## YOUR GOAL
Although the records contain pictures, none belong in the copy: restate word for word only the lines from the one with "Soon Global Acoustical" through the one with "404 Page Not", both included.

::: RECORDS SUPPLIED

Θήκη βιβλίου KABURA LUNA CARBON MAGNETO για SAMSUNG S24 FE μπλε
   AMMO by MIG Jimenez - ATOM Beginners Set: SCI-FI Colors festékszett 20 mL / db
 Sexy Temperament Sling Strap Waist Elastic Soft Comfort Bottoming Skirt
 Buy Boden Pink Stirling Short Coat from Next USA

::::::
::: RECORDS SUPPLIED

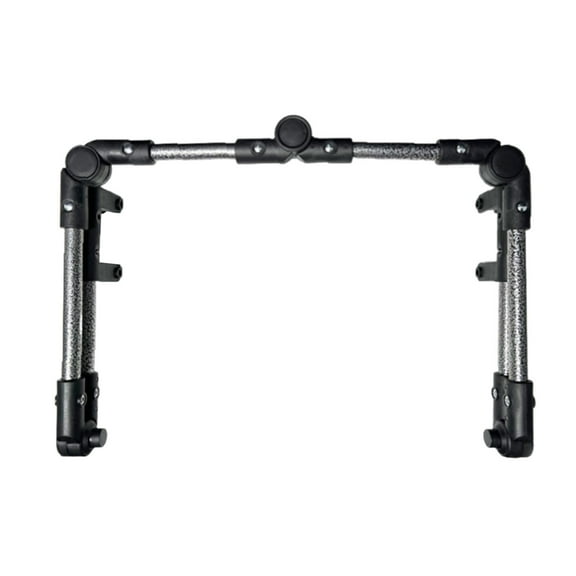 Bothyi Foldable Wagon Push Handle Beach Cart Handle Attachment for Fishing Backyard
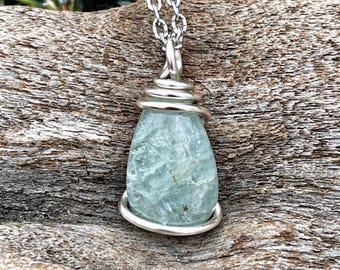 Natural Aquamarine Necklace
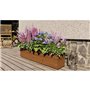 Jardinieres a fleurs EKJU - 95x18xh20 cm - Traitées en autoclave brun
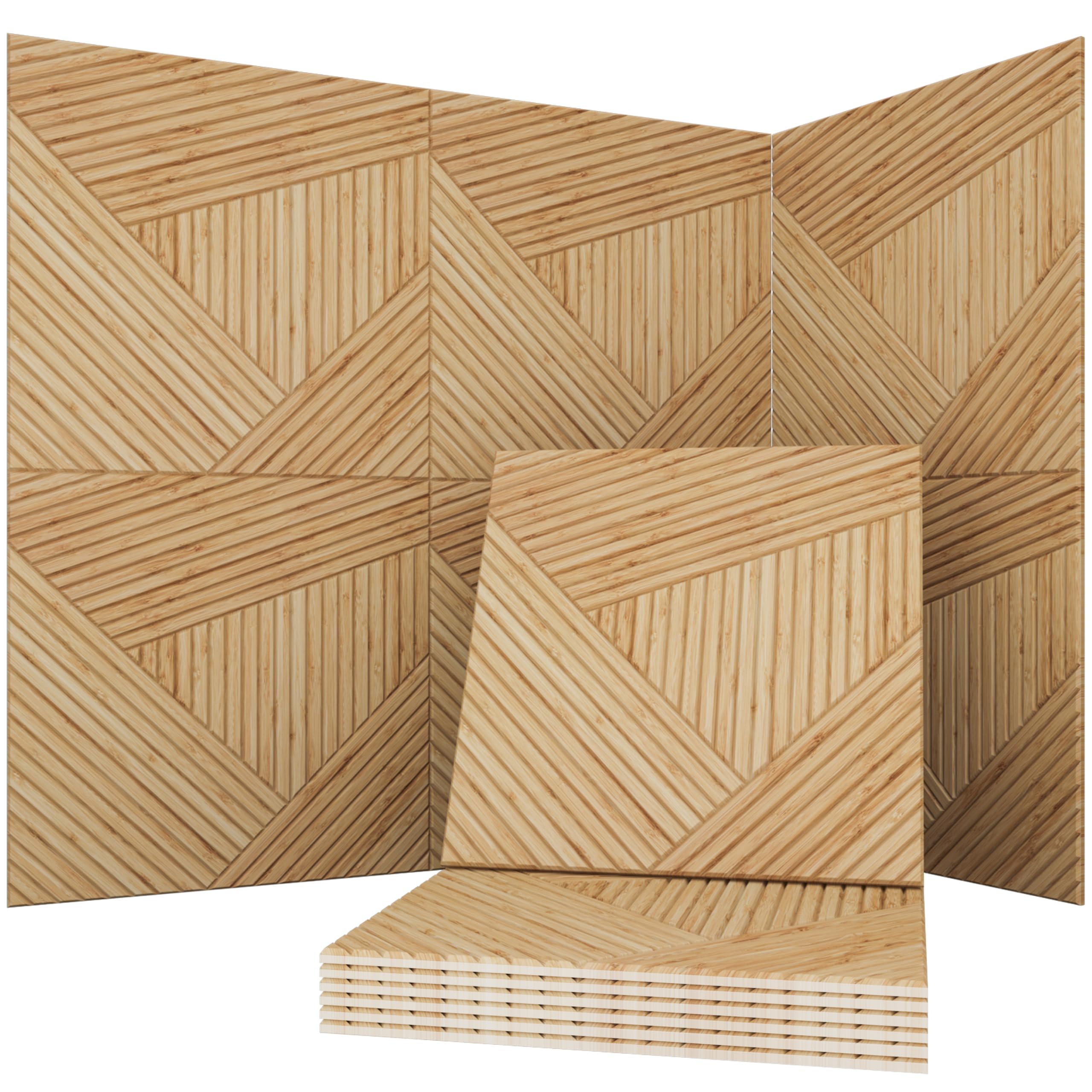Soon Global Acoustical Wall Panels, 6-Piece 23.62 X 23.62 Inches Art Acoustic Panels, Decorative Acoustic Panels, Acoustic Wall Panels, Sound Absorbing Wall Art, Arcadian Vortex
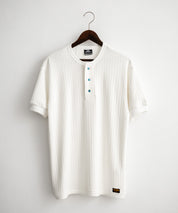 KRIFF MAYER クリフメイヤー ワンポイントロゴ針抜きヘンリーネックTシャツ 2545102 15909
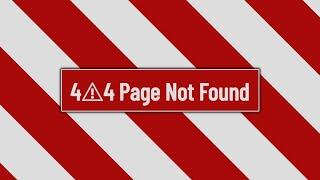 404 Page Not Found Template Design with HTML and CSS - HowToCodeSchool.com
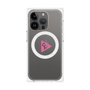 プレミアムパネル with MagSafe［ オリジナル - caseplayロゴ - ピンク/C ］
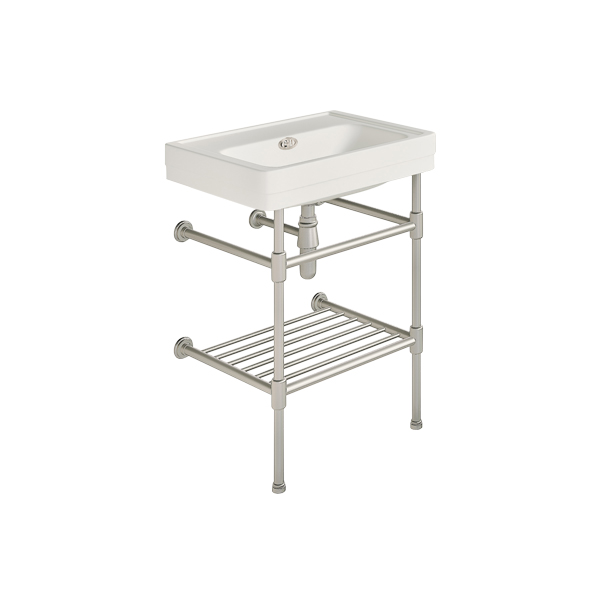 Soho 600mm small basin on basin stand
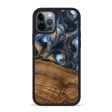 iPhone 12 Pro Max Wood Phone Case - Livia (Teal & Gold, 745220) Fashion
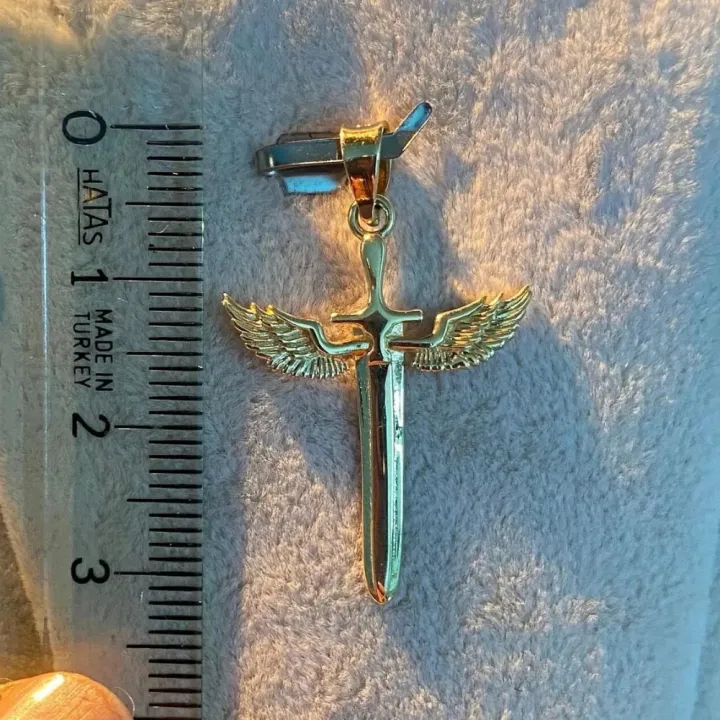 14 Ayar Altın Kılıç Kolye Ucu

::::::

## RESPONSE AREA
Soon Global Acoustical Wall Panels, 6-Piece 23.62 X 23.62 Inches Art Acoustic Panels, Decorative Acoustic Panels, Acoustic Wall Panels, Sound Absorbing Wall Art, Arcadian Vortex
 KRIFF MAYER クリフメイヤー ワンポイントロゴ針抜きヘンリーネックTシャツ 2545102 15909
 404 Page Not Found Template Design with HTML and CSS - HowToCodeSchool.com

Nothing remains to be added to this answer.